Russian map of volcanoes on Kamchatka – http://www.kamchatkaonline.ru/Kamchatka%20maps%20english.html
Volcanic activity is mostly subduction driven andesitic eruptions. There are over 160 volcanoes including no small number of caldera structures on Kamchatka. Some 29 of them are thought to be active and are monitored by the Kamchatka Volcanic Eruption Response Team (KVERT). After a rough patch of funding in the late ’00s, they seem to be up and operational. http://www.kscnet.ru/ivs/kvert/index_eng.php. The Kuriles also have a page that is in Cyrillic. http://www.imgg.ru/ru

A portion of Kamchatka’s eastern volcanic front near Uzon. July 2009 – http://www.volcano.si.edu/volcano.cfm?vn=300170
There are two lines of volcanoes in Kamchatka. The westernmost line has for the most part not been recently active. Activity migrated eastward toward the trench constructing a line of active volcanoes stretching from central Kamchatka south to Japan. Recent volcanic activity does not extend north of a fault line in central Kamchatka. It does extend south along the Kuril – Kamchatka Trench, which plunges some 10 km into the Pacific Ocean. Volcanic islands comprising the Kuril Islands stretch some 1,300 km along the trench until it reaches the northern Japanese island of Hokkaido. Subduction – driven volcanoes parallel the line of the trench.
Tectonics

Overall plate tectonics of Kamchatka and the Okhotsk Block – http://www.wired.com/2010/09/catching-up-with-kamchatka/
It appears to me that the crux of the matter with Kamchatka lies with the Okhotsk Block, also sometimes referred to as the Okhotsk Plate. It has two subduction boundaries. The main one on the west under the Eurasian Plate is thought to be inactive, which makes sense as there is no active volcanic activity. Russia’s largest island, Sakhalin is on the Okhotsk east of this boundary. The western boundary is defined by the Kurile – Kamchatka Trench which is the surface expression of the subducting plate driving the volcanic activity.

Detailed map of Okhotsk Block – http://en.wikipedia.org/wiki/Okhotsk_Plate
The southern boundary is not as well defined. Some define it as far north as the southern end of Hokkaido Island, Japan. Others define it as a triple junction plate boundary in central Japan. Still others define the area between the two limits as yet another platelet. Large earthquakes like the Fukushima earthquake of April 2011 help define the boundaries.

Relative movement of plates and blocks around Kamchatka – http://americastectonics.weebly.com/okhotsk-plate.html
The northern boundary is defined by a transform fault called the Ulakhan Fault. The motion along the fault is generally westbound north of the fault.

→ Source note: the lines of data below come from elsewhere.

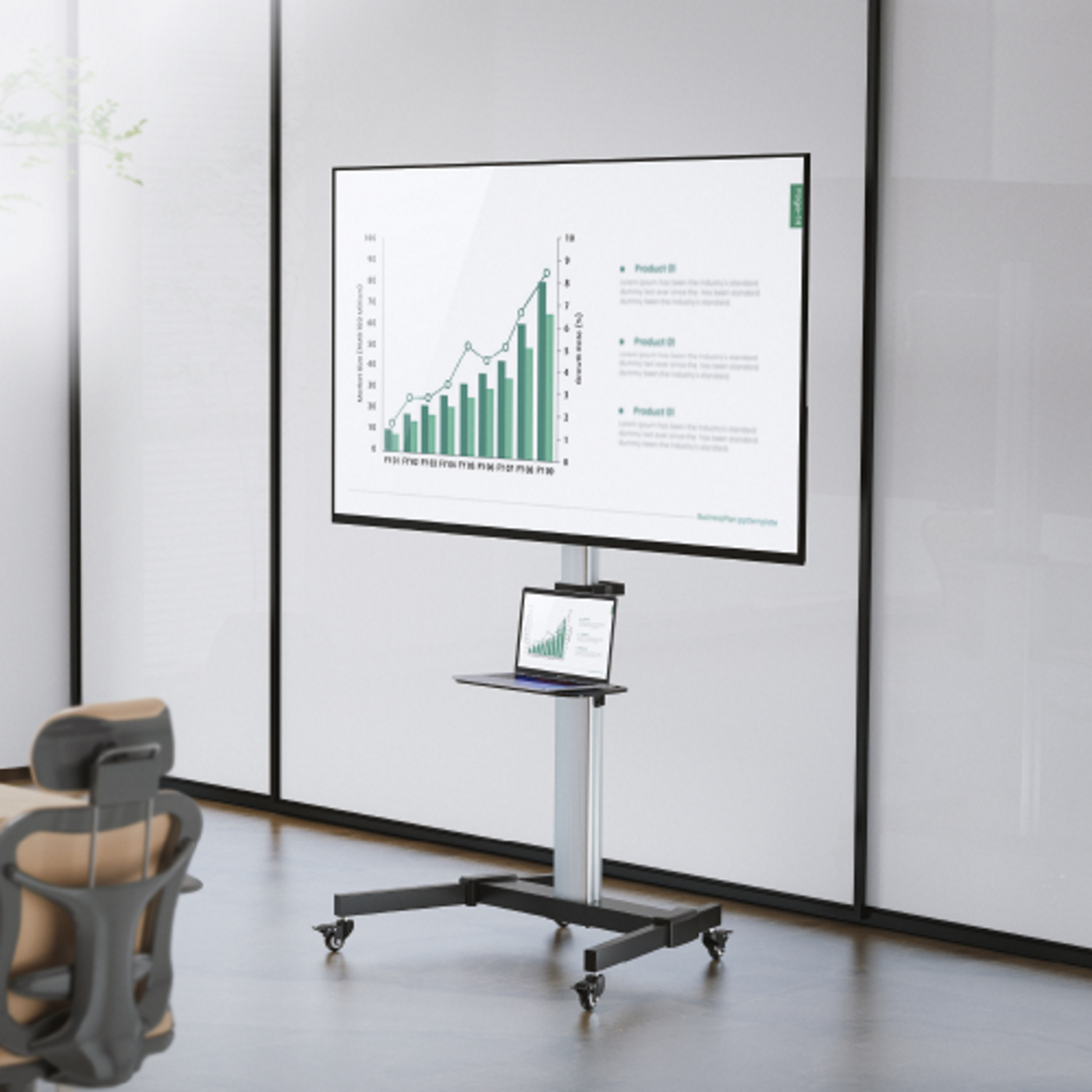A TV screen on a wheeled stand with a laptop shelf. The screen displays a chart.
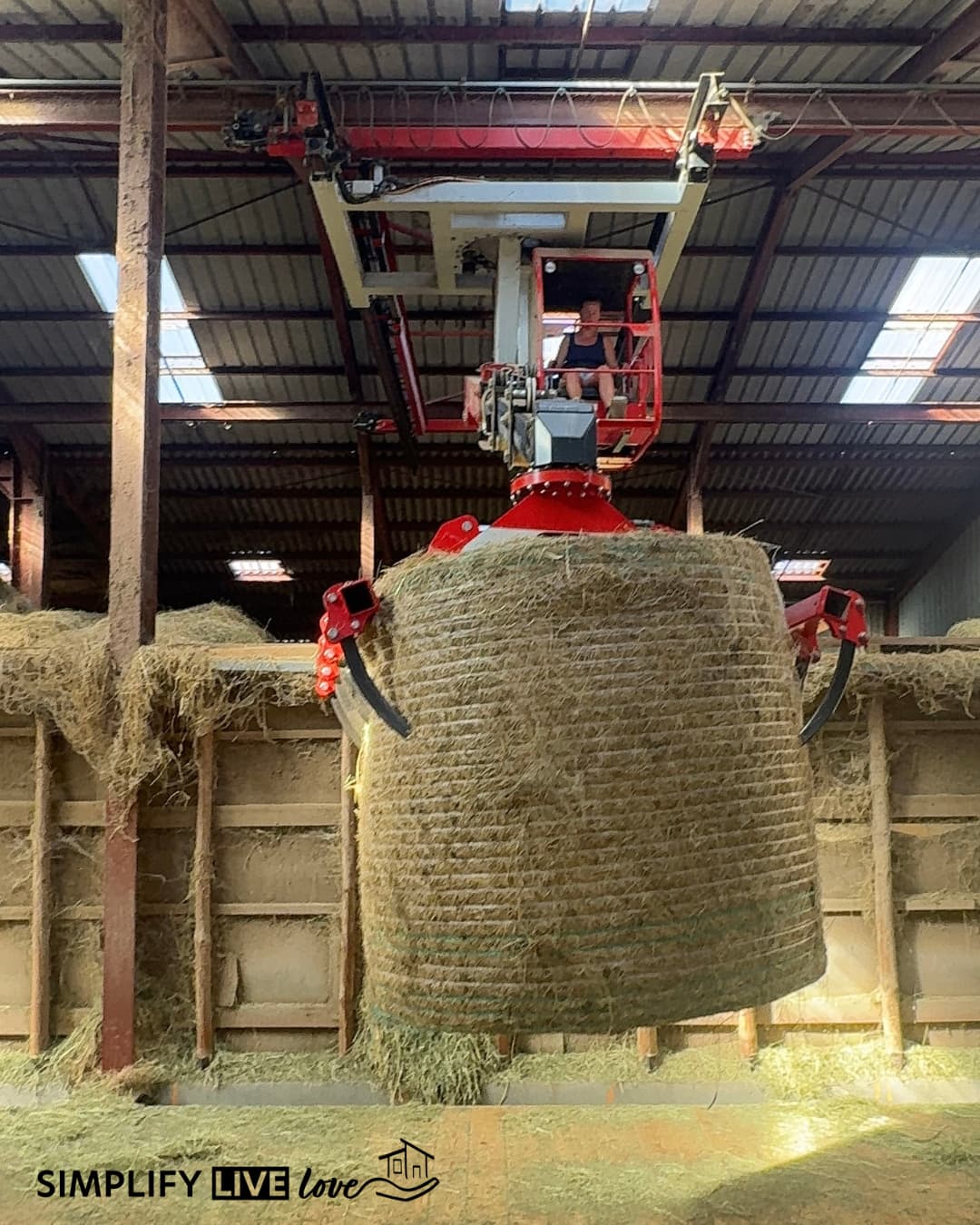 Juliette moving hay bales with the sky crane.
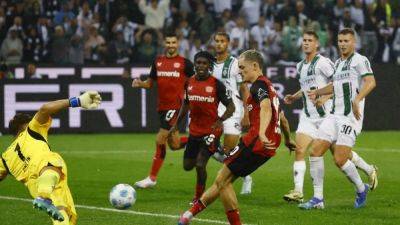 Bayer Leverkusen - Alejandro Grimaldo - Edmond Tapsoba - Florian Wirtz - Last-gasp Wirtz goal earns Leverkusen 3-2 win at Gladbach in Bundesliga opener - channelnewsasia.com - Germany - Switzerland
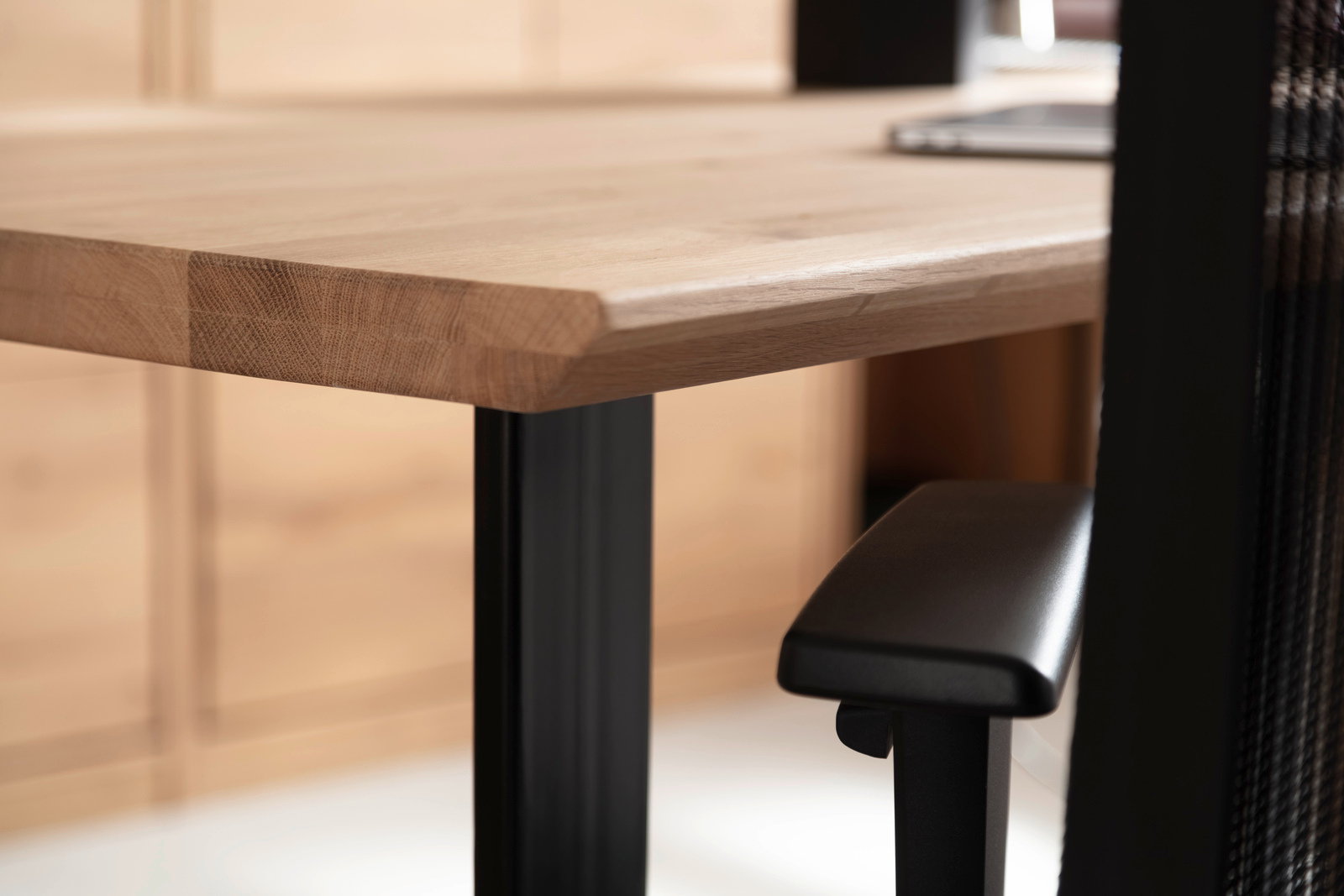 Nahaufnahme eines Schreibtisches mit Holzplatte und schwarzem Metallgestell, seitliche Perspektive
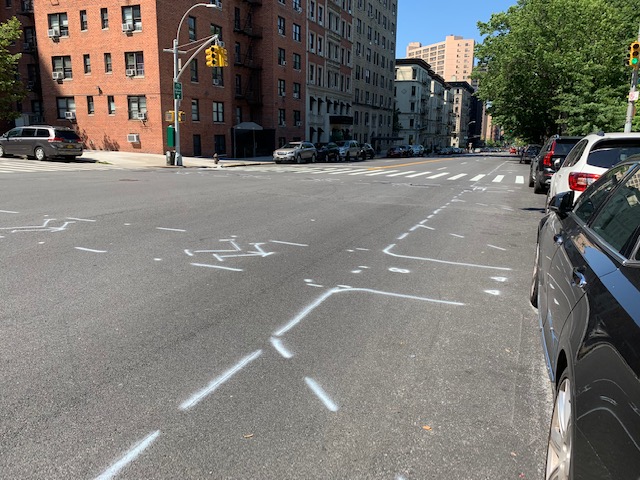Crews have started blocking off space for the Central Park West bike lane. Photo: Ken Coughlin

Cross section of Okhotsk Plate subduction – http://americastectonics.weebly.com/okhotsk-plate.html
The Okhotsk Block is thought to be a remnant of the Kula Plate from some 80 my ago. The Kula eventually subducted into the North American Plate under Alaska and was much larger then than its remnants are today. http://www.uwgb.edu/dutchs/platetec/kula.htm
Since that subduction episode, the Okhotsk has been essentially squeezed between the Eurasian, North American and Pacific Plates. This has shallowed the Sea of Okhotsk bit by bit over the millions of years since the initial collision. This squeezing also imparted a small clockwise rotation along the Ulakhan fault.

Boundary model for Okhotsk Plate and east Asia plate boundaries and movements from GPS data – http://seismo.berkeley.edu/~burgmann/RESEARCH/research_okhotsk.html
But the main action remains at the triple junction in the Pacific Ocean off the east coast of central Kamchatka. And it is that triple junction that provides sufficient weakness in the Okhotsk to allow subducted andesites to erupt in significant volume, not unlike the rift on the eastern edge of the Jalisco Block has allowed magma feeding the Colima Volcanic Complex to reach the surface. https://volcanohotspot.wordpress.com/2015/02/24/eruptions-continue-at-colima-mexico/
Kamchatka – Aleutian Islands Triple Junction

Detail of Kamchatka – Aleutian Triple junction from Google Earth – https://volcanocafe.wordpress.com/2013/06/01/tolbachik/
The triple junction expresses itself in Kamchatka’s central depression with the Bezymianny Volcanic Complex, which includes several large, active structures very close together. Shiveluch sits a small distance north of this complex. It is also very active. Sa’ke at Volcano Café wrote about the Central Kamchatka Depression in June 2013. I will not belabor her conclusions. https://volcanocafe.wordpress.com/2013/06/03/central-kamchatka-depression/

Location of northernmost active Kamchatkan volcanoes – http://en.wikipedia.org/wiki/Shiveluch
What I would like to add is the existence of a fault line, the Alpha Fracture Zone that is active in the ocean and tends to not express itself upon landfall. The western end of the Aleutian trench is more transverse faulting than it is subduction, as the plate movement is parallel to the line of the trench. Further proof is the line of Emperor Seamounts moving in parallel to the trench and subducting under Kamchatka itself. http://geology.com/usgs/hawaiian-hot-spot/

Long view of Kuril – Kamchatka Trench, triple junction and Aleutian Trench – http://en.wikipedia.org/wiki/Kuril%E2%80%93Kamchatka_Trench
One abstract used the term “intra-arc rifting” to describe the magma source below Kluchevskoy, meaning that some geologists believe that a new rift in this region is either possible or underway. http://www.sciencedirect.com/science/article/pii/S0012821X99002885
If you look at the maps, any time you have significant rotational tectonic forces on a block or plate along with known weak spots, rifting becomes a possibility. It is important to note that the vast majority of recent volcanic activity on Kamchatka is at or to the south of the triple junction / Alpha Fault line east-west line.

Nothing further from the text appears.